Quiero precisar que el declive de este proceso de normalización comenzó al concluir Obama su discurso en el Gran Teatro de La Habana, en 2016. No lo originó EE.UU., ni fue responsabilidad de Donald Trump, si bien después todo se ensombreció con él. La cancelación de la reforma de Raúl Castro y de este proceso de relaciones bilaterales hizo encallar la última oportunidad para un cambio sociopolítico sereno, a modo de evolución, en Cuba.
Las indemnizaciones no hubieran sido un problema
— Uno de los mantras del Gobierno de la isla es que –en virtud de la Ley Helms-Burton, que codifica el embargo como ley de EE.UU.–, ni aun habiendo un cambio de régimen cesaría esa política hostil hasta que el país no entregara a sus antiguos propietarios estadounidenses la última propiedad confiscada o el último céntimo de indemnizaciones. ¿Hasta qué punto es así?
— Por supuesto que cualquier avance en las relaciones bilaterales demandaría una negociación acerca de las expropiaciones en Cuba a estadounidenses y, también, a cubanoamericanos, desde 1959. Pero esto no sería difícil; incluso durante el proceso entre Castro y Obama se avanzó mucho y con facilidad en el entendimiento en torno a una solución.
— Si se mira a Honduras, El Salvador o Guatemala, se observa que son, a semejanza de Cuba, países pequeños, pero con sistemas democráticos, y que al mismo tiempo muestran grandes desniveles de renta, una escasa clase media y enormes niveles de criminalidad. Washington, en estos casos, no ha concebido un “Plan Marshall” que los ayude a superar esa situación. ¿En qué medida actuaría diferente para con Cuba, en caso de un cambio de sistema?

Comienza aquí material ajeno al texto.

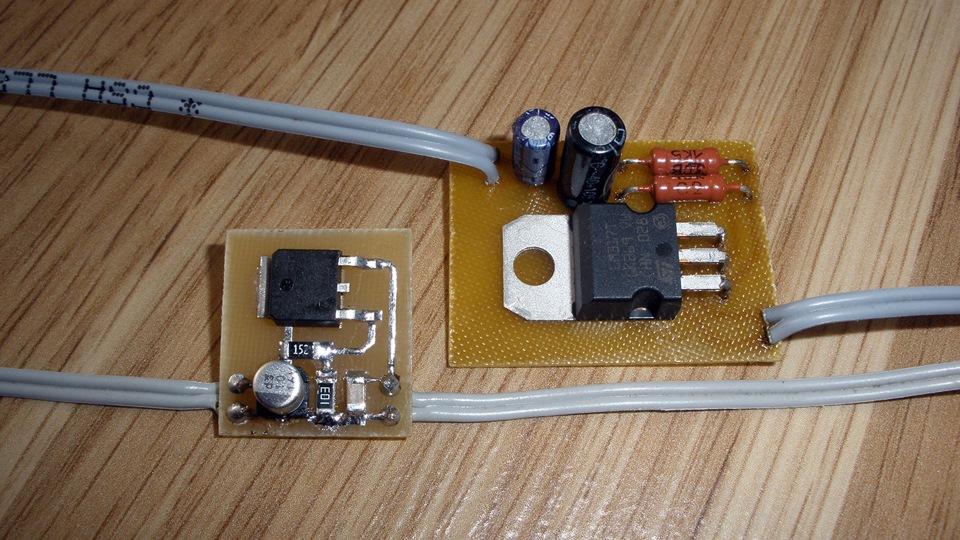Простой стабилизатор тока на LM317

— Ciertamente, a Cuba le será muy difícil salir de la crisis sin un “Plan Marshall”. Pero, ojalá me equivoque, no creo que eso vaya a ocurrir. Cuba está obligada a lograr la participación de países importantes, como EE.UU., Canadá, China, Rusia, India, la Unión Europea, Reino Unido, Japón y, al menos, los cinco países más importantes de América Latina (Brasil, Argentina, Colombia, Chile y México). Pero tendrá que avanzar en ello a base de madurez a través de un plan detallado de cómo salir de la crisis, con metas claras y plazos definidos; con reformas estructurales que aborden las causas profundas de la crisis; con la participación de múltiples actores de la sociedad, incluyendo el sector privado; con seguridad jurídica y protección de los derechos de propiedad. Debe avanzar hacia un sistema financiero sólido, con supervisión bancaria efectiva, con créditos a las empresas, con incentivos fiscales y aduaneros, y con capital humano cualificado. Esto, por supuesto, llevará tiempo, esfuerzo y recursos.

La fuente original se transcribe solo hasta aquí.